Redshirt freshman right tackle D.J. Fluker has been ruled out for Ole Miss due to a severe groin injury. For the second straight day he rode an exercise bike during practice.

At linebacker, junior Chris Jordan (hamstring) is making obvious progress and Saban said junior Courtney Upshaw (thigh/ankle) is making progress as well.

"Ankle's fine, he practiced today," Saban said about Upshaw. "He should be ready for the game if he doesn't have any reoccurring problems."

Filling in

Even though junior Alfred McCullough is expected to make his first career start and Alabama could also be without Jones, players say their injuries won't change the offensive game-plan.

"Absolutely not," senior tight end Preston Dial said, adding about McCullough: "We know he can handle the job, he's a big, strong guy, so we're not going to change anything."

Hanks had an even more direct response regarding the receiving corps, which has been using a seven-man rotation led by him, Marquis Maze and Jones.

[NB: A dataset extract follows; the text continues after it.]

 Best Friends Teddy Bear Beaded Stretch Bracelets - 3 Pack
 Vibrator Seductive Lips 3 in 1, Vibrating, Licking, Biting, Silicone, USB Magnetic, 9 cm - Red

"When someone goes down someone has to step up," Hanks said.

Tide-bits

The running game figures to be a major priority against Ole Miss. "It's something we've emphasized," Dial said. "Last week we just got pushed back (by South Carolina's lead), you have to do what you have to do. We understand we have some great backs. Up front we take pride in our running game and our passing game, but we definitely want to get moving in the right direction and establish the run."

Saban didn't specify who would fill in for McCullough as the third tackle: "Tyler Love is on one side and John Michael Boswell can play right tackle. We haven't played him yet but Arie (Kouandijo) has worked at tackle most of the year. If it's necessary ready to play him we'll get him ready to play."

All of Alabama's reserve tackles have practiced on both the left and right sides. "The hardest part of it, I always thought, was the mind part of it," sophomore guard Barrett Jones said. "Every call you hear you have to flip it around in your mind."

A group of Cubans, including an elderly man who said he used to play football years ago (but that the Americans are now much bigger), was on hand for the start of practice. Many were startled by the offensive linemen hitting the blocking sleds for the first time behind them. Interpreters made sure to teach them the "Roll Tide" cheer before departing.